3CX DLL-Sideloading attack: What you need to know
We are using a Sophos XGS2300 (SFOS 19.0.1 MR-1).
We uploaded a pfx-certificate to the WAF which specifically included only the webserver certificate itself and its intermediate certificate.
But, when we check the site with a tool like https://www.ssllabs.com/ssltest/ we see that the server (e.g. the Sophos Firewall) also sends the root certificate. Which is not what we want and which we don't see when we check sites like microsoft.com.
Are we correct to assume that this is done by the XGS? Is that intentional? Is there a way to circumvent this?
have you heard anything new from AttilaKovacs and/or bobbylam ?
Yes, it is intentional. If a certificate is signed by a valid root CA that is part of the CA package available to XG (which should be the case in most scenarios) then WAF will always return the full certificate chain.
This is the expected behavior, returning a partial chain is flagged by most test tools as a potential security vulnerability, and thus an automatic PCI scan failure.

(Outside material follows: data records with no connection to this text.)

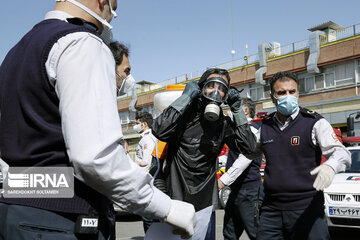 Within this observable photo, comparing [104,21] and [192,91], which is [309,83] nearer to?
[192,91]

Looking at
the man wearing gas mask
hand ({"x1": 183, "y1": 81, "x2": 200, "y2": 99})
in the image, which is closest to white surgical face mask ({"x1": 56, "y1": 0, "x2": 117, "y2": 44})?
the man wearing gas mask

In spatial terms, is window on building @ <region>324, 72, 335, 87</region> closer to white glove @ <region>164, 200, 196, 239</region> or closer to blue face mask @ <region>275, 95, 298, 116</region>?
blue face mask @ <region>275, 95, 298, 116</region>

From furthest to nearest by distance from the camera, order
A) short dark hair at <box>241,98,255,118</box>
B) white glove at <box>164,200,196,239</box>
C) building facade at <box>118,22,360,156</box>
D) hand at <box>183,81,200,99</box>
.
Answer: building facade at <box>118,22,360,156</box> < short dark hair at <box>241,98,255,118</box> < hand at <box>183,81,200,99</box> < white glove at <box>164,200,196,239</box>

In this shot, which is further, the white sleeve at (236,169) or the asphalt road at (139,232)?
the asphalt road at (139,232)

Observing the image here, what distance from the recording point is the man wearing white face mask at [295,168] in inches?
134

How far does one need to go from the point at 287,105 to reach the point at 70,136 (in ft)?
9.76

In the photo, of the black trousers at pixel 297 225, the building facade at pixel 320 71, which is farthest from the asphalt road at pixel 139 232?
the building facade at pixel 320 71

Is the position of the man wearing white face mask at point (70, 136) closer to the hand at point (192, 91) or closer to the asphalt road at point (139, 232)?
the hand at point (192, 91)

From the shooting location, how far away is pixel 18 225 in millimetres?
1299

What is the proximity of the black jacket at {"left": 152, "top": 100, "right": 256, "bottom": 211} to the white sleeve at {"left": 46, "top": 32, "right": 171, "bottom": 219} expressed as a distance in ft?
6.46

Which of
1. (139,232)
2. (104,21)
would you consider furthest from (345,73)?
(104,21)

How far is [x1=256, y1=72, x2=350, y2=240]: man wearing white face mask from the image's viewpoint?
3.40 metres

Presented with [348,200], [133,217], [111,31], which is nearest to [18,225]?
[111,31]

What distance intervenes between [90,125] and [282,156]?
2778 mm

At the moment there is no option to influence this behavior.
I understand the concern about the added latency, however, the impact in real life should be negligible on today's hardware.
thanks for the fast answer!
Ok, that helps a lot. So it is intentional. But could you please clarify the following?
"If a certificate is signed by a valid root CA that is part of the CA package available to XG ]...] then WAF will always return the full certificate chain."
We explicitly uploaded a certificate to the XGS without the root certificate in the chain. Shouldn't the XGS then omit that root certificate? Or is the XGS returning that root certificate because it is known by the XGS (since it is a global CA)?
"returning a partial chain is flagged by most test tools as a potential security vulnerability, and thus an automatic PCI scan failure."
Well, as you can see by the screenshot I posted the test tool by ssllabs marks the chain because it contains the CA. Or am I seeing this wrong?
Thank you very much!
If you upload a certificate without a root, but that root is available in XG's CA package then it will pick it up from there automatically. I think this was added exactly to avoid a scenario where ssllabs lowers your rating because you forgot to add your root in the chain before uploading.
I think what ssllabs is trying to tell in your screenshot is that there is a root included in the chain which matches the one that is in their trust store, thus it's OK. I don't see an indication that they lowered your rating because of this, so I think this message can be ignored.